Less exciting neighborhood ponderables:

View out high window of street scene with leafless trees and one green, be-leafed tree in the middle of the street.
Show-off.

This tree. It’s on a mini traffic circle and seems not to realize it’s January. All the other trees around it are naked, but this one is still dressed for a ball. I can’t decide if it’s some kind of sick that means it forgot to drop it’s leaves or if it’s just showing off.

Why our fabulous trash chute is suddenly not working and we now have to carry our garbage down the elevator.

Why I have quit seeing Toast the corgi in the lobby.

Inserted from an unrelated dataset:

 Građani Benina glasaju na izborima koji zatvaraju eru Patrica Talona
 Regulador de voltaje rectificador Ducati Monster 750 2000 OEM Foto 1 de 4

Has he moved?

Also, WHY ARE THERE NO SCOTTIES IN THIS BUILDING?

Finally, why is there a guy playing a baritone on the corner across the street all weekend long, every weekend. And why does he seem to prefer Simon and Garfunkle tunes? At first it was a fun reminder that we live in a city, but after a few weekends like this, I’m grateful I got AirPods for my birthday.

Everything is so depressing these days.

Except.

When I’m looking at the old people home in front of me, behind me is Swedish Hospital where two of our favorite little girls—Pippi and the Imp—were born. Before Christmas a client dropped off a gift when I handed over a manuscript I’d been editing and she pointed to the hospital with a fond smile and said, “That’s where my boys were born.”

The last few weeks, I’ve twice seen a bald eagle soaring past our building, where normally we only see crows and seagulls. Who knew an advantage of living on the 9th floor of Oh La La would be bald eagle sightings?

And finally, yes, the Capitol was breached but it wasn’t successful. Our elected officials went back to work and the building and grounds crew righted what was wronged. And when I think about the whole event, I’m struck by how it was words that instigated the riot and words—written all those years ago, imperfect but with the intention of becoming more perfect—that allowed us to get back to the business of living. Maybe words really do matter after all.

young girl in woman's lap with Dr. Seuss book being red to her.